The paradoxes of imagination

ZAC O'YEAH

Blind Faith breaks many laws of credibility, sometimes very enjoyably.


Blind Faith, Sagarika Ghose, HarperCollins, Rs.295.


"WHAT are you doing here?" she asked, walking into his gaze. "Are you CIA? Do you have a recorder hidden in your teeth?"

What am I doing here? I'm looking at the patterned landscape in a tumour that blossoms from a man's stomach. The stab wounds on a child that look like the edges of a hibiscus flower.

So goes the first meeting between IAS officer Indira (Indi for short) — who "looked like a whore but thought like a statesman" — and her newfound American boy friend who, lest you missed the hints, is in the medical profession. Apart from being a feminist storm trooper, a sexual nuclear device and a fervent LSD-consumer, Indira suffers from an incurable disease that makes her blind.

There's more

There's a family curse in the picture too — her ancestry can be traced to a female demon that mated with a fisherman in Bengal. Indira grew up with a wife-beating, sadist father who "became subconsciously aware — rather like Neanderthal man may have become aware of lurking danger in the forest but found no words to articulate it — that Indi's shadow threatened not only his survival as a human being but also his survival as a species". Meanwhile her mother bathed in the Ganga so often that she died of pneumonia. To most of you this may sound like rather heavy-handed pulp, but Blind Faith is also a very interesting example of the paradoxes of imagination.

Its actual protagonist is Mia, Indira's future daughter-in-law, a London-born, half-Bengali Naomi Campbell look-alike and not so successful journalist uninspired by her regressive job doing New Age coverage at SkyVision. Like her mother-in-law, Mia is blind — but in a mental and intellectual way: despite all her reading of psychology books she lacks basic self-awareness and is torn between a spiritual yearning inherited from her academic-cum-artist-cum-alcoholic father who took the easy way out by drowning himself, and the practical attitude of her materialistic mum who says "it was just like him to go off and commit suicide when the daughter was still unmarried". Mum is therefore intent on marrying Mia off to a rich manufacturer of Ayurvedic cosmetics (the son of Indira) before she herself goes to New York with her Punjabi astrologer-cum-yuppie fiancée.

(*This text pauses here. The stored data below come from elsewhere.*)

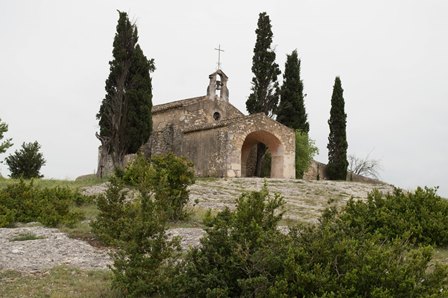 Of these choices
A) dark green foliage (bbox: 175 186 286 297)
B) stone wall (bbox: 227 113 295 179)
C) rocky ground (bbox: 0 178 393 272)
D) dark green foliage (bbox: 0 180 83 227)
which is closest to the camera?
dark green foliage (bbox: 175 186 286 297)

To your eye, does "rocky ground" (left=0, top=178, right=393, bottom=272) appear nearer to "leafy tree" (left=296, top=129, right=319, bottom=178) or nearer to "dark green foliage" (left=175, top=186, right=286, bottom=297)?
"dark green foliage" (left=175, top=186, right=286, bottom=297)

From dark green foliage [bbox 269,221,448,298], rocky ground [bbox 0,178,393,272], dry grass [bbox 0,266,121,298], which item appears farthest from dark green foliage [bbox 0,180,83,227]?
dark green foliage [bbox 269,221,448,298]

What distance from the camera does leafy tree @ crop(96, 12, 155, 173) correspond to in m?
24.2

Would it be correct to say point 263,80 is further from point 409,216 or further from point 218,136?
point 409,216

Perhaps it is no wonder that Mia's head is all messed up, and she is attracted — for the unlikeliest reasons — to a sadhu who's come all the way from an ashram in Delhi to preach the "rebirth of the Mother Woman" in a corner of Hyde Park. Marrying the desi Max Factor seems to her a good idea — it will bring her to Delhi and closer to her sadhu. Unfortunately, her hubby turns out to have an insulin pump where his sex appeal should have been, he is a habitual sniffer of a white powder which is not an Ayurvedic drug, and we soon realise — although it takes until the last pages of the book before Mia does — that he suffers from a peculiar kind of mental illness.

Unrestrained

Sagarika Ghose's comedy is unrestrained and Blind Faith breaks many laws of credibility, sometimes very enjoyably. But exactly because it is written with a soap operatic attitude towards aesthetics, the reader has to — to paraphrase Samuel Taylor Coleridge — not only willingly suspend disbelief, but lock it up in a steel almirah and swallow the key.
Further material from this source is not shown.